Records for this exercise: Begin
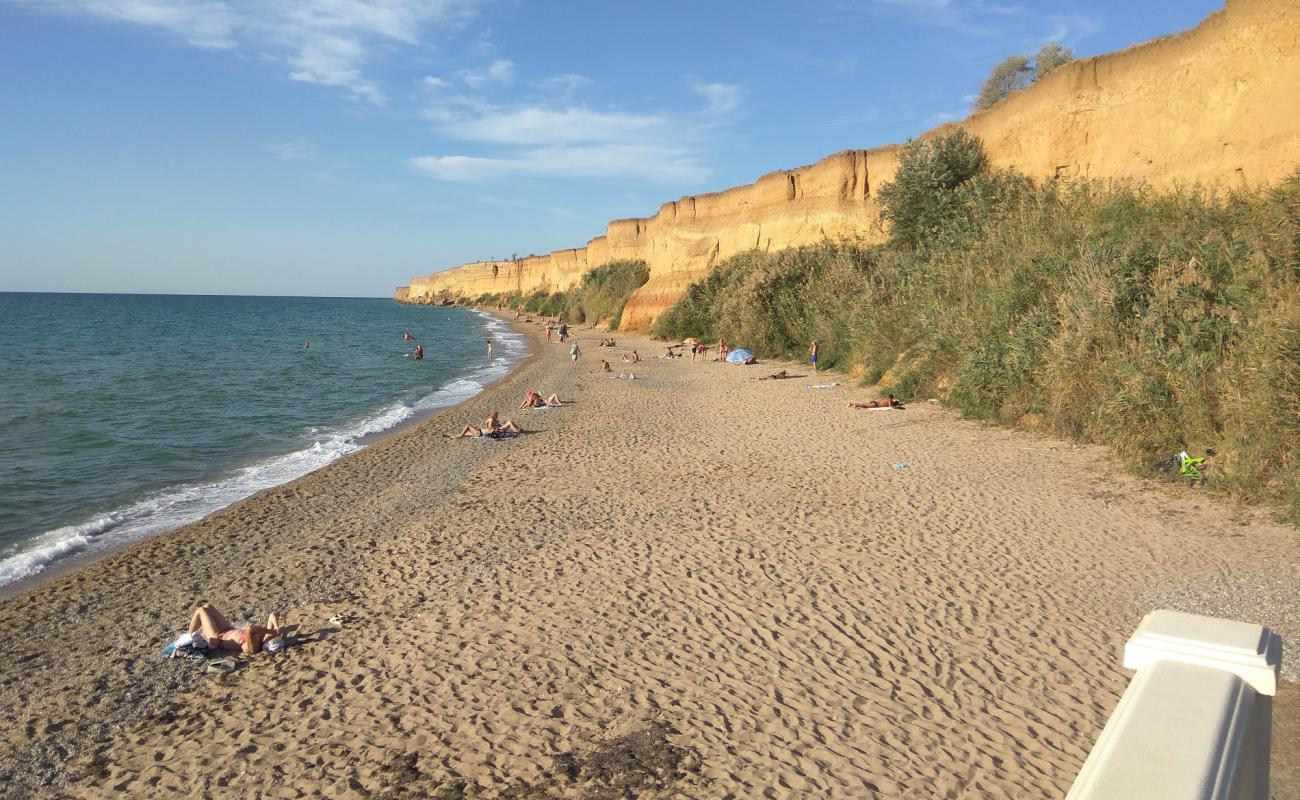 Andreevka beach'in fotoğrafı parlak kum yüzey ile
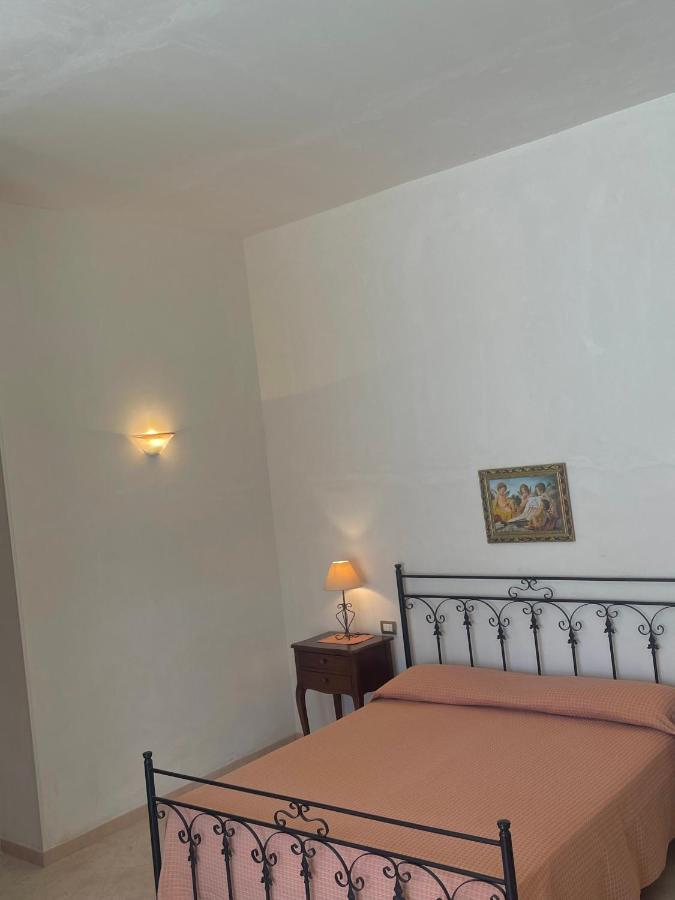 La Rondine Bed And Breakfast Uggiano La Chiesa Exterior photo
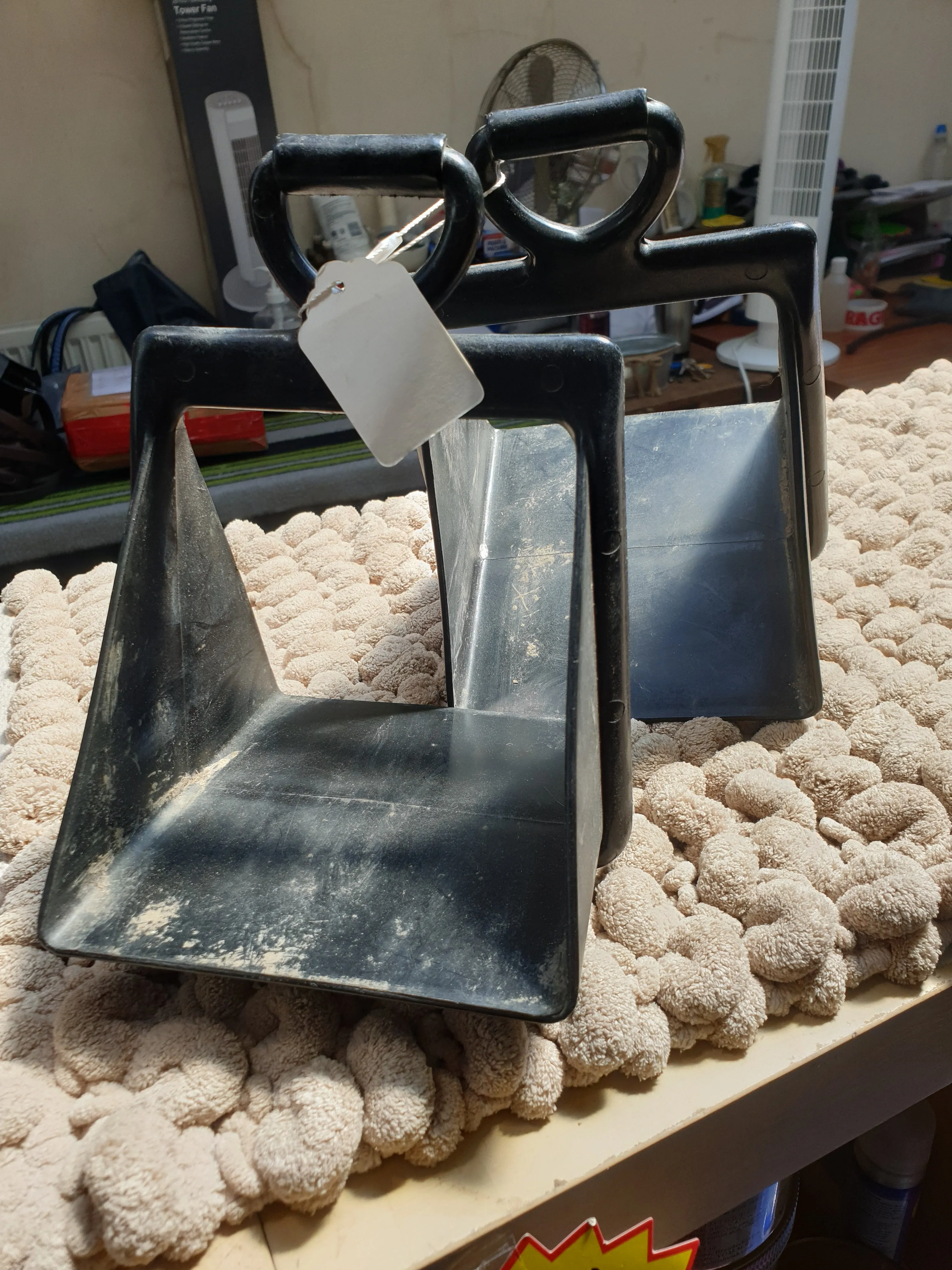 Black 5" plastic western style stirrups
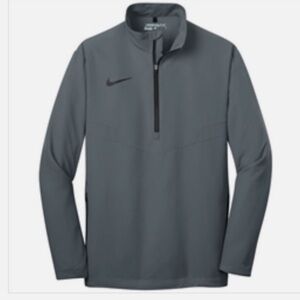 Nike Golf 1/2 zip light weight jacket medium size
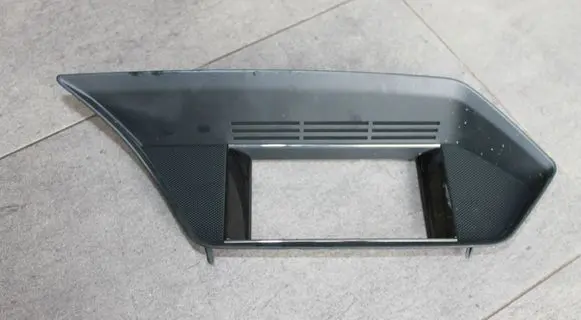 Mercedes-Benz E W212 Radio/GPS head unit trim A2126801236 MDLL 9022500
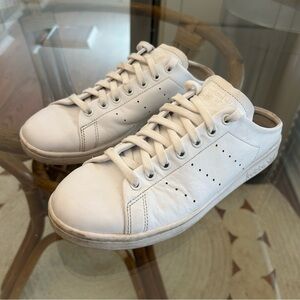 Adidas slip ons size 9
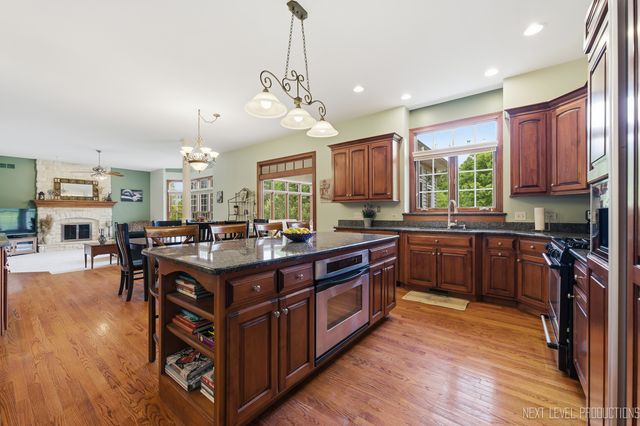 908 Knox Lane, Batavia, IL 60510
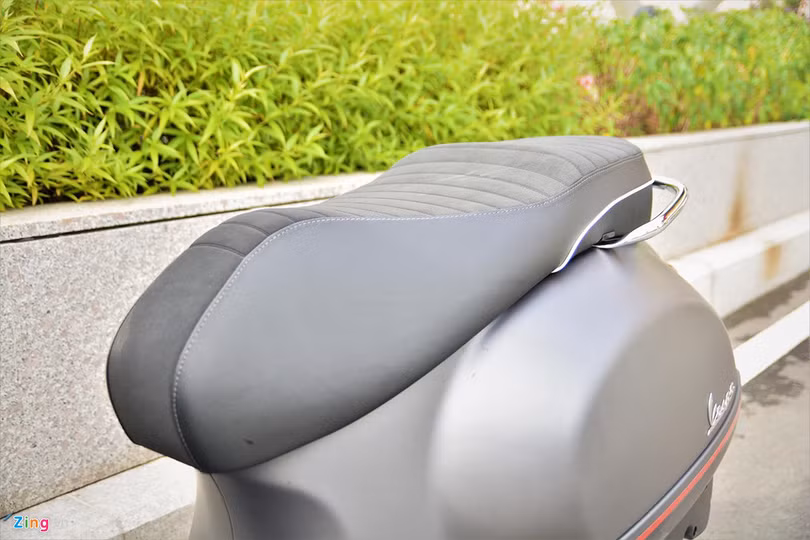 Chi tiết Vespa GTS Super 150 thế hệ mới - thêm công nghệ, giữ giá bán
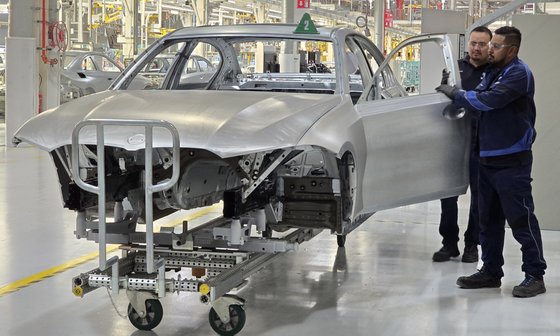 Ősszel indul a sorozatgyártás a BMW debreceni üzemében, Szijjártó szerint az egész cég sorsa is múlik ezen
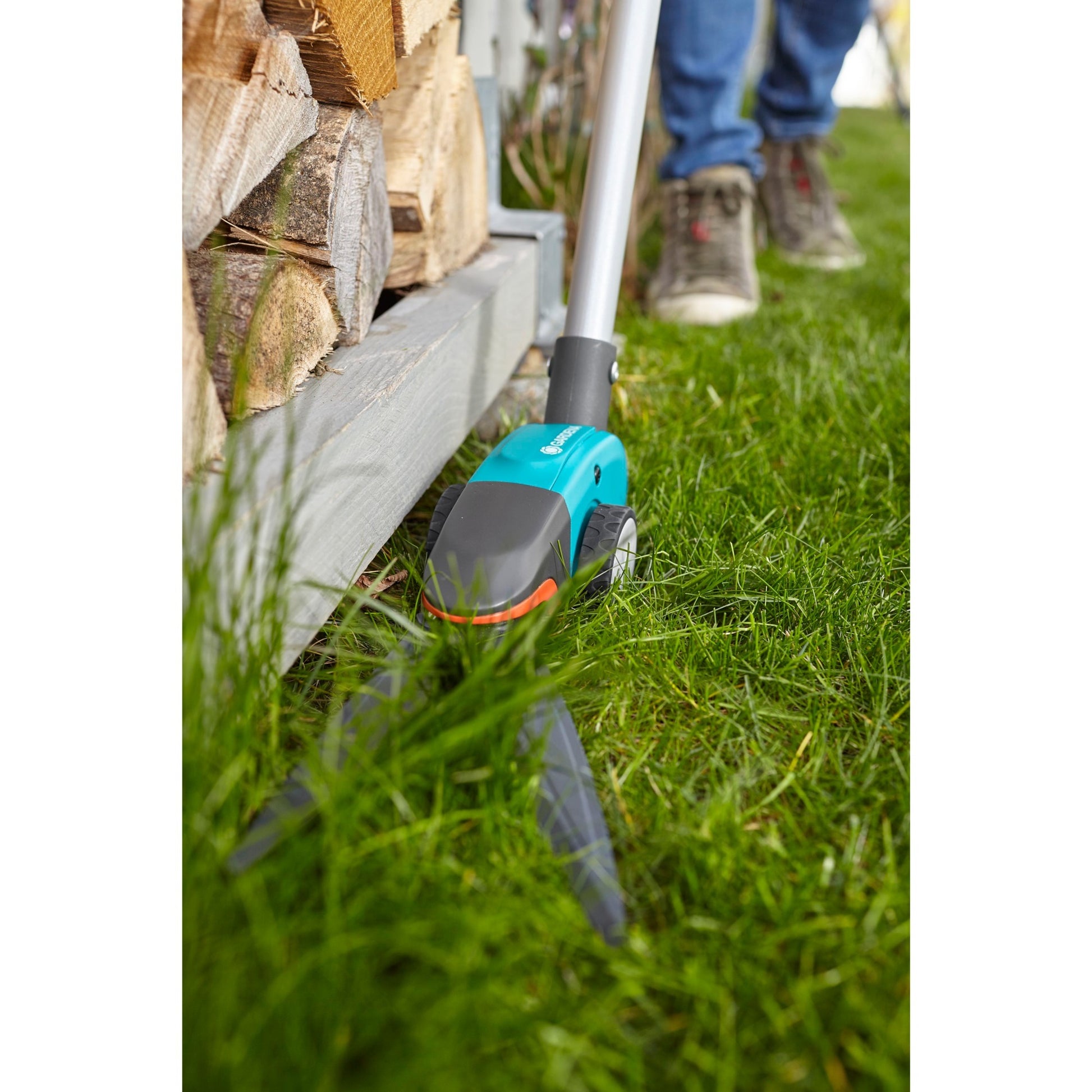 Gardena Comfort Grasschere auf Stahl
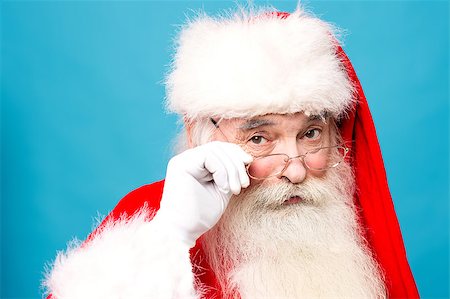 simsearch:400-05711921,k - Santa Claus looking into the camera Stock Photo - Budget Royalty-Free & Subscription, Code: 400-08109264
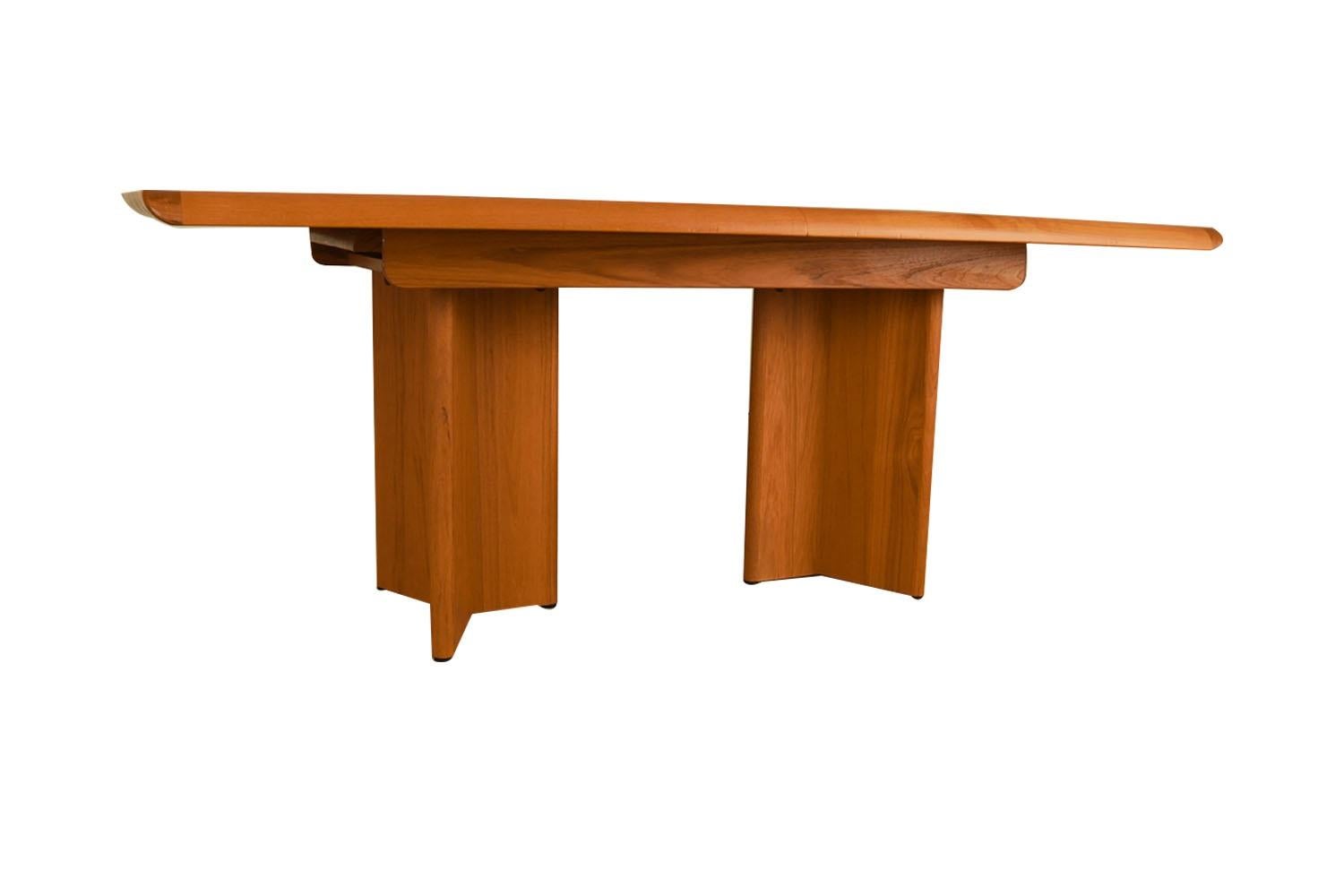 Danish Mid Century Henning Kjaernulf Expandable Dining Table  3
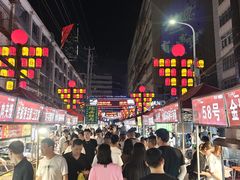 -正宁路小吃夜市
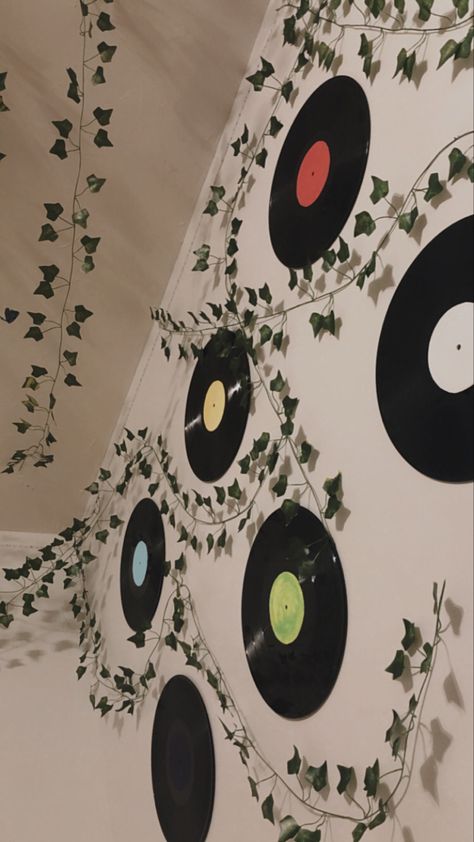 Room With Records On The Wall, Vinyl Disc Wall, Vinyls On Wall Aesthetic Bedroom, Disc Room Decor, Discs On Wall, Aestethic Room Vintage, Discs On Wall Aesthetic, Vintage Indie Bedroom, Record Disc Wall Decor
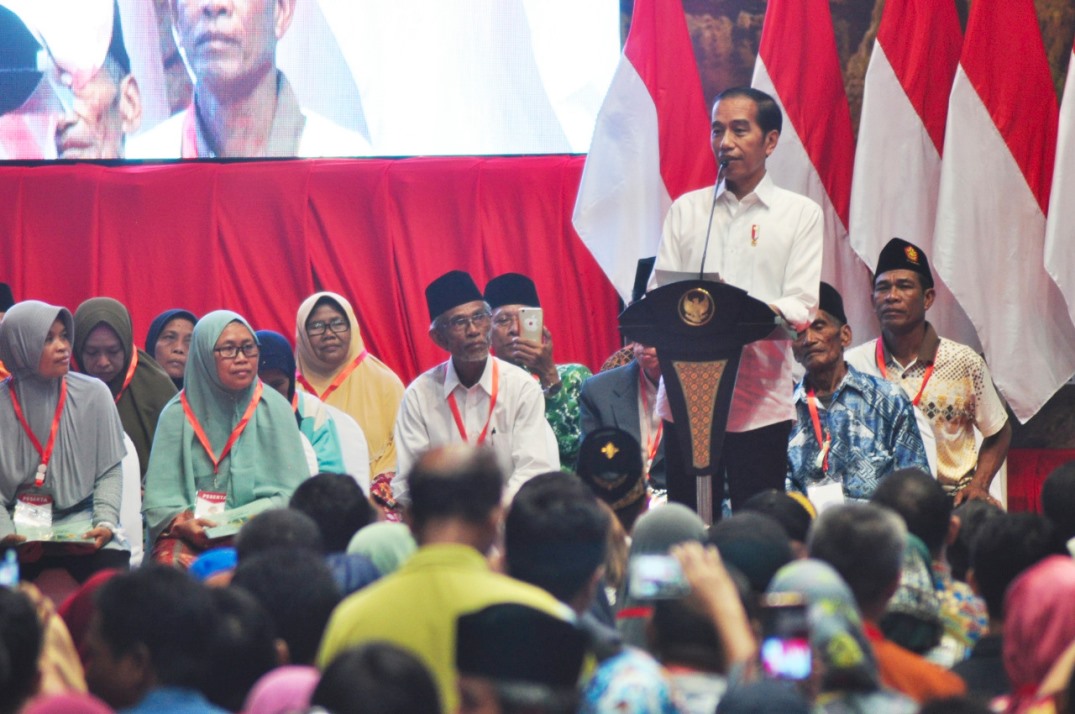 presiden-jokowi-saat-memberikan-sambutan-di-gor-tri-dharma-kabupaten-gresik.jpg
Records for this exercise: End
◆ What the task requires ◆
All entries should be given again exactly, except that pictures are to be excluded.

◆ Result ◆
 Andreevka beach'in fotoğrafı parlak kum yüzey ile
 La Rondine Bed And Breakfast Uggiano La Chiesa Exterior photo
 Black 5" plastic western style stirrups
 Nike Golf 1/2 zip light weight jacket medium size
 Mercedes-Benz E W212 Radio/GPS head unit trim A2126801236 MDLL 9022500
 Adidas slip ons size 9
 908 Knox Lane, Batavia, IL 60510
 Chi tiết Vespa GTS Super 150 thế hệ mới - thêm công nghệ, giữ giá bán
 Ősszel indul a sorozatgyártás a BMW debreceni üzemében, Szijjártó szerint az egész cég sorsa is múlik ezen
 Gardena Comfort Grasschere auf Stahl
 simsearch:400-05711921,k - Santa Claus looking into the camera Stock Photo - Budget Royalty-Free & Subscription, Code: 400-08109264
 Danish Mid Century Henning Kjaernulf Expandable Dining Table  3
 -正宁路小吃夜市
 Room With Records On The Wall, Vinyl Disc Wall, Vinyls On Wall Aesthetic Bedroom, Disc Room Decor, Discs On Wall, Aestethic Room Vintage, Discs On Wall Aesthetic, Vintage Indie Bedroom, Record Disc Wall Decor
 presiden-jokowi-saat-memberikan-sambutan-di-gor-tri-dharma-kabupaten-gresik.jpg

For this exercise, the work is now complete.